Binding Without $ Signs... What's The Operator?

The modern world of binding means this is the true and correct behavior:

>> x: 10 y: 20

>> eval collect [keep 'x keep '+ keep 'y]
** PANIC: no binding for x

If you want that to run, you can either bind the container so that it has a context to trickle down to the unbound elements:

>> eval $ collect [keep 'x keep '+ keep 'y]
== 30

Or you can leave the container unbound and put bindings on the individual elements.

>> eval collect [keep $ 'x, keep $ '+, keep $ 'y]
== 30

If you're dealing with a bindable non-quoted thing, then you can use a $ that is "tied" directly onto the element... a "binding quote":

>> eval collect [keep $x, keep $+, keep $y]
== 30

BUT Should We Have An English WORD! For "Bind Here"?

I have previously remarked that if $ didn't exist, this operation is so critical that it would deserve the name BIND as an arity-1 intrinsic:

>> eval bind collect [keep 'x keep '+ keep 'y]
== 30

>> eval collect [keep bind 'x, keep bind '+, keep bind 'y]
== 30

But that feels like it squanders the word, when a BIND dialect can do so much more.

Or Is It Not Squandering, but Tactical Marketing?

Perhaps having an arity-1 BIND meaning "bind here" as a complement to an arity-1 UNBIND can help make this more palatable in the English-like world?

:man_shrugging:

Other Words For Arity-2 BINDing?

arity-2 BIND could be WITH as in @hiiamboris's proposal, and BIND could be arity-1 for this "clean" look, but I dunno.

Alternate Modality Of Arity-2 BIND?

I've suggested maybe a parameter to the arity-2 bind for the functionality:

>> make-bound: func [x] [return bind <here> '(x)]

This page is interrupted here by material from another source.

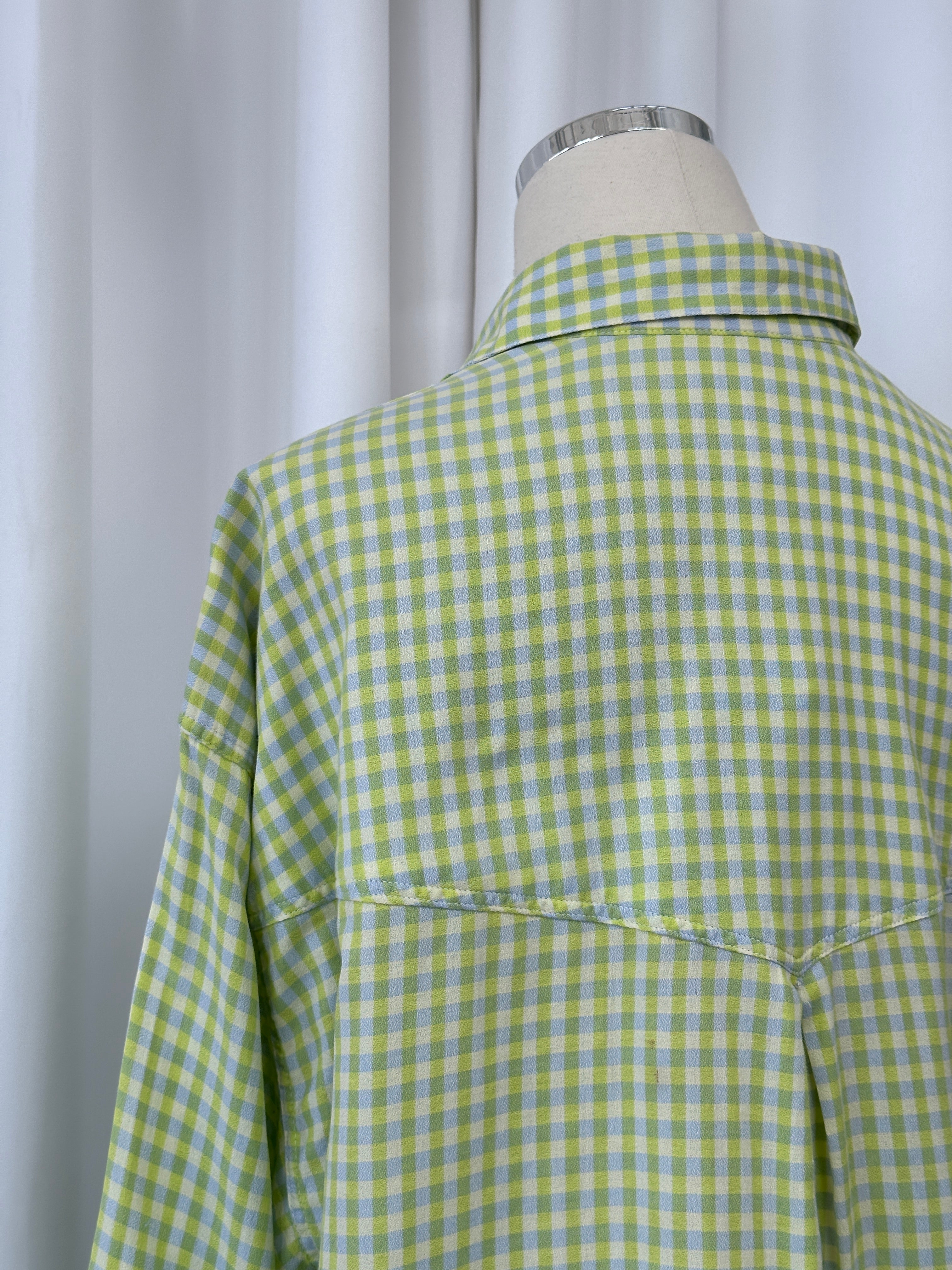 Versace Jeans Couture 1990s check cotton shirt in size L/XL, featuring bold pattern and classic button-up design.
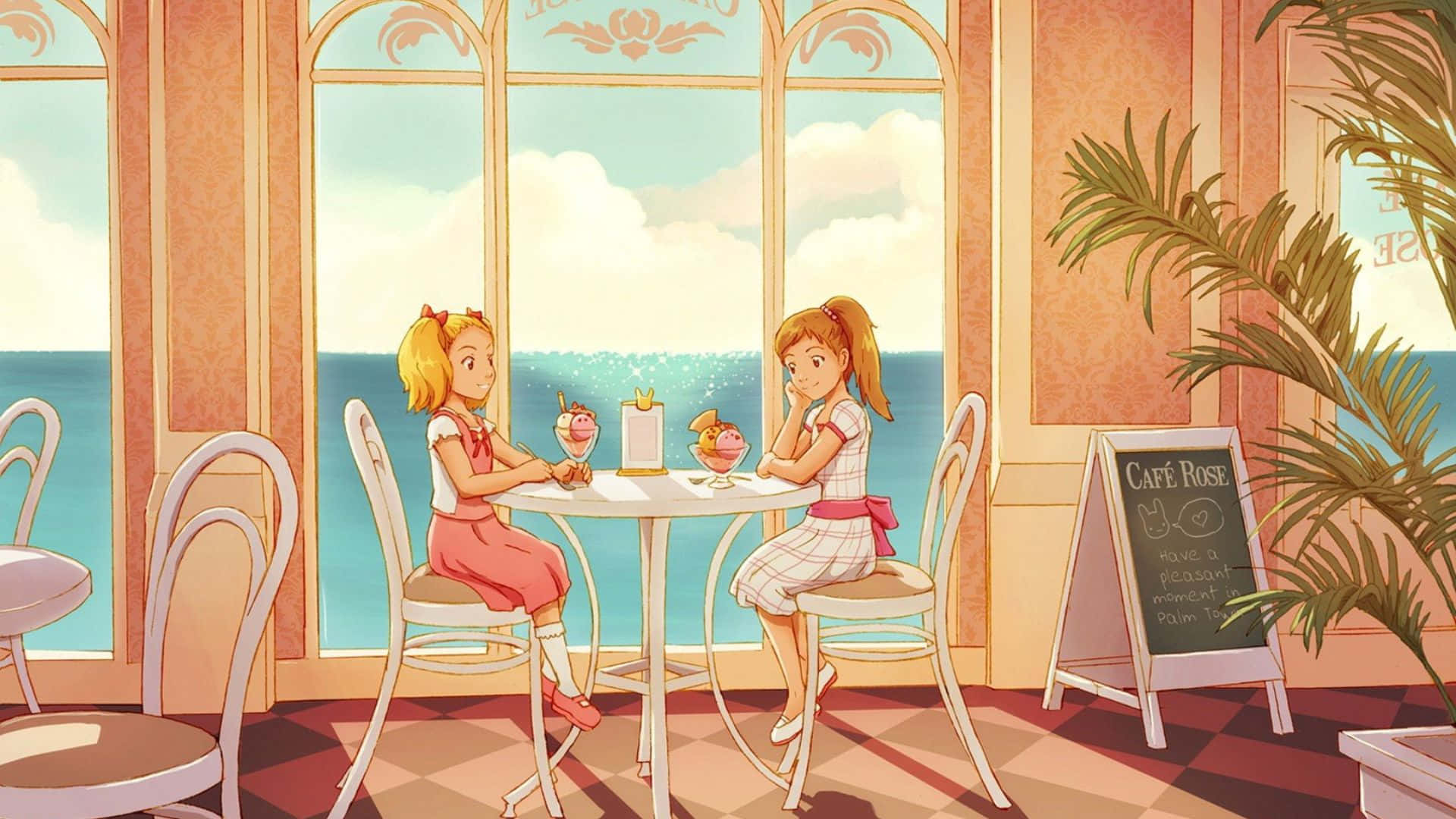 Anime Cafe And Ice Cream Background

But it would be a bit cluttered and couldn't be an intrinsic... so the benefits kind of drop off. I don't think it would make anyone who didn't like $ happy enough.

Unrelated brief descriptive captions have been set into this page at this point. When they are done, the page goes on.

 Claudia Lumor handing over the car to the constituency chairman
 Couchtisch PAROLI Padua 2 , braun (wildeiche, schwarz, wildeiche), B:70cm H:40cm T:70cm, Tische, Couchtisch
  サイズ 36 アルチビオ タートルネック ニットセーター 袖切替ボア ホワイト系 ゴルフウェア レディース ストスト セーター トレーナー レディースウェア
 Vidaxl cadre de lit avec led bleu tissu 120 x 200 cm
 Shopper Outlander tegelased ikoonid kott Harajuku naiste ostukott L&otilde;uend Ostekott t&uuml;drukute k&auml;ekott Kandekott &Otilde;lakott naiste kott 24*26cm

I have deemed it to be the case, that arity-1 BIND...as a complement to arity-1 UNBIND...is the right choice.

This means we're now in the tricky situation of what to call the other binding operations.

WITH isn't terrible.

USING is kind of okay.

obj: make object! [field: 10]

eval using obj [field + 20]

Like WITH, I think there's sort of an "arity-2-ness" to using. It's an incomplete thought without another word. You wouldn't end a sentence with "Using X".

(You'd write "Using your right hand, turn the crank." Not "Using your right hand. (period).")

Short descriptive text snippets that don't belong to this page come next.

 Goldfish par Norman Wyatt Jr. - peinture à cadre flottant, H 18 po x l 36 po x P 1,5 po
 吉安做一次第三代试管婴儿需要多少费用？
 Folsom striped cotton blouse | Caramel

Because I don't know yet, I'm calling arity-1 bind BIND1 for now, and I'm not going to do the rename until I have good names picked.

I haven't pulled the trigger on this, and so it seems like I'm a bit unconvinced that arity-1 BIND is worth sacrificing its arity-2 usage.

The somewhat obvious idea of a hyphenated arity-1 operation, bind-here, hasn't been mentioned.

It might be that HERE could be able to give you a "context" of some kind, so BIND-HERE could be a synonym for bind here, just optimized as an intrinsic.

Given that I've had cold feet on the renaming, and $ is available as a shorthand once you know what you're doing, I think I favor this.

This does raise a question about the <here> tag that has been used in UPARSE to indicate the current parse position. Because UPARSE has to talk about both parse positions and bindings, it could be confusing if "here" is becomes associated with the binding concept.

I'm thinking that "AT" is an iterator dereferencer as arity-1, so it kind of is starting to make more sense that AT would give you the single item where you are. (Okay, that is now seeming extremely obvious.)

The tag could be <position> with <pos> as a shorthand. Might look a litlte weird when you put it in a variable named "pos"

all [
    let pos

    "b" = parse "aaabbb" [some "a", pos: <position>, some "b"]
    pos = "bbb"

    "b" = parse "aaabbb" [some "a", pos: <pos>, some "b"]
    pos = "bbb"
]

I don't hate that as much as I thought I would.